Contemplando esta escena en el belén, estamos llamados a reflexionar
sobre la responsabilidad que cada cristiano tiene de ser evangelizador. Cada
uno de nosotros se hace portador de la Buena Noticia con los que encuentra,
testimoniando con acciones concretas de misericordia la alegría de haber
encontrado a Jesús y su amor.
Los Magos enseñan que se puede comenzar desde muy lejos para llegar a
Cristo. Son hombres ricos, sabios extranjeros, sedientos de lo infinito, que
parten para un largo y peligroso viaje que los lleva hasta Belén (cf. Mt 2,1-12).

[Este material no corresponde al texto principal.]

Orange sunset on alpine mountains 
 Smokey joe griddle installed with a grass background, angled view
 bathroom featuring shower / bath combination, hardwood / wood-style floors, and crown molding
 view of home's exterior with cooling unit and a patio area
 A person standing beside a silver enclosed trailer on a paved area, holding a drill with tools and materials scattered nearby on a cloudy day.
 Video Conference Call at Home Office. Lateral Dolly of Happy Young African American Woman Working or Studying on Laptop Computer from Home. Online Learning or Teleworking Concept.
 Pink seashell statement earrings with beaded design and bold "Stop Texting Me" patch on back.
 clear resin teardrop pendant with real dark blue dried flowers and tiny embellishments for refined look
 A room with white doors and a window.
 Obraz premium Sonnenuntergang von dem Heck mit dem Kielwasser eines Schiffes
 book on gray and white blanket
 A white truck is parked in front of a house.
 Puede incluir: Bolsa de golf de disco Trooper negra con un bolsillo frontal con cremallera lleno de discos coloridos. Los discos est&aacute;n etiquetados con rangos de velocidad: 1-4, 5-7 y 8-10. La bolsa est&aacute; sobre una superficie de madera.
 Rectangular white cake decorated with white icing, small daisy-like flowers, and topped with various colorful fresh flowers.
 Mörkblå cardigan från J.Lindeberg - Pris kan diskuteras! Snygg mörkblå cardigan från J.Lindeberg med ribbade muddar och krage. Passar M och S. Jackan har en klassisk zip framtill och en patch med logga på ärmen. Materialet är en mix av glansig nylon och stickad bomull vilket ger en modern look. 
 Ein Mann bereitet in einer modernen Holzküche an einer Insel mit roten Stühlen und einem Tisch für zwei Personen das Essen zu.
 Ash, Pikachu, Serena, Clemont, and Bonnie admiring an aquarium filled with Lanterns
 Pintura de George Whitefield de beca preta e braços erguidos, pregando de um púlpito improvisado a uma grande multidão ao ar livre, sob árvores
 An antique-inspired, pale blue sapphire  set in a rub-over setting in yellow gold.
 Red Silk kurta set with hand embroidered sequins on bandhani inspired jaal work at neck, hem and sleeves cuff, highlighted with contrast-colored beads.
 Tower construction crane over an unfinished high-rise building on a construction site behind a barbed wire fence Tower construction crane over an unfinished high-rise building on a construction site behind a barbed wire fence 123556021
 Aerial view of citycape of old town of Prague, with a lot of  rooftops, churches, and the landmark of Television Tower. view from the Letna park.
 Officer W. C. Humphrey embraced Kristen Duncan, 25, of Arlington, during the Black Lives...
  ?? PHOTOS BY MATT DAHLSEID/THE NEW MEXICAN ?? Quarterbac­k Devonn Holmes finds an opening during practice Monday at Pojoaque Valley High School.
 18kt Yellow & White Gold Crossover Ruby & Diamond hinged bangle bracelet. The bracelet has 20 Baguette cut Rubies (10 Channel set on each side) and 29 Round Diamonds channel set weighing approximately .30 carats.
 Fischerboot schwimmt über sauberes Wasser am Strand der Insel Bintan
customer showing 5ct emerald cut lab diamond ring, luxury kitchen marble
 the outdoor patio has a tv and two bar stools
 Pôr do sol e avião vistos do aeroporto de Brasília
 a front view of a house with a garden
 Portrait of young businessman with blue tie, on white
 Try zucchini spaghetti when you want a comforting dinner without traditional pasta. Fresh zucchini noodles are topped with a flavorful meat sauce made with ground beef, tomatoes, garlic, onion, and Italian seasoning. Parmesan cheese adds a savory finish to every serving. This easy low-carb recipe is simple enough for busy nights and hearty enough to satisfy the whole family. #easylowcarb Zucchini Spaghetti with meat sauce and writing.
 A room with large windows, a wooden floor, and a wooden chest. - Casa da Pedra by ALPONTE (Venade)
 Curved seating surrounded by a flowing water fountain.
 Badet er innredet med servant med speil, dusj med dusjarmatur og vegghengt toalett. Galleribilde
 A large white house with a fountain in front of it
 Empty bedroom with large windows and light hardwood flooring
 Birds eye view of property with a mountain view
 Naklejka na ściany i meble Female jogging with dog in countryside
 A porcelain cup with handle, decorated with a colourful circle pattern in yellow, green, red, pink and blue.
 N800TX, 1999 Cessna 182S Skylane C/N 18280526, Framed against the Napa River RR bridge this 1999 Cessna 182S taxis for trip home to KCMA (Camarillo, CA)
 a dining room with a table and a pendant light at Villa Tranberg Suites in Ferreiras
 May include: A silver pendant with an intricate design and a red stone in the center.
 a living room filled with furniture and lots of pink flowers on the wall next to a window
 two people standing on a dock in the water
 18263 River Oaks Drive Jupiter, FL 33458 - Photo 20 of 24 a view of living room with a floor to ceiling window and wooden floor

Una gran alegría los invade ante el Niño Rey. No se dejan escandalizar por la
pobreza del ambiente; no dudan en ponerse de rodillas y adorarlo. Ante Él
comprenden que Dios, igual que regula con soberana sabiduría el curso de las
estrellas, guía el curso de la historia, abajando a los poderosos y exaltando
a los humildes. Y ciertamente, llegados a su país, habrán contado este
encuentro sorprendente con el Mesías, inaugurando el viaje del Evangelio entre
las gentes.
10. Ante el belén, la mente va espontáneamente a cuando uno era niño y
se esperaba con impaciencia el tiempo para empezar a construirlo. Estos
recuerdos nos llevan a tomar nuevamente conciencia del gran don que se nos ha
dado al transmitirnos la fe; y al mismo tiempo nos hacen sentir el deber y la
alegría de transmitir a los hijos y a los nietos la misma experiencia. No es
importante cómo se prepara el pesebre, puede ser siempre igual o modificarse
cada año; lo que cuenta es que este hable a nuestra vida. En cualquier lugar y
de cualquier manera, el belén habla del amor de Dios, el Dios que se ha hecho
niño para decirnos lo cerca que está de todo ser humano, cualquiera que sea
su condición.
Queridos hermanos y hermanas: El belén forma parte del dulce y exigente
proceso de transmisión de la fe. Comenzando desde la infancia y luego en cada
etapa de la vida, nos educa a contemplar a Jesús, a sentir el amor de Dios por
nosotros, a sentir y creer que Dios está con nosotros y que nosotros estamos
con Él, todos hijos y hermanos gracias a aquel Niño Hijo de Dios y de la
Virgen María. Y a sentir que en esto está la felicidad. Que en la escuela de
san Francisco abramos el corazón a esta gracia sencilla, dejemos que del
asombro nazca una oración humilde: nuestro “gracias” a Dios, que ha querido
compartir todo con nosotros para no dejarnos nunca solos.
Dado en Greccio, en el Santuario del Pesebre, 1 de diciembre de 2019.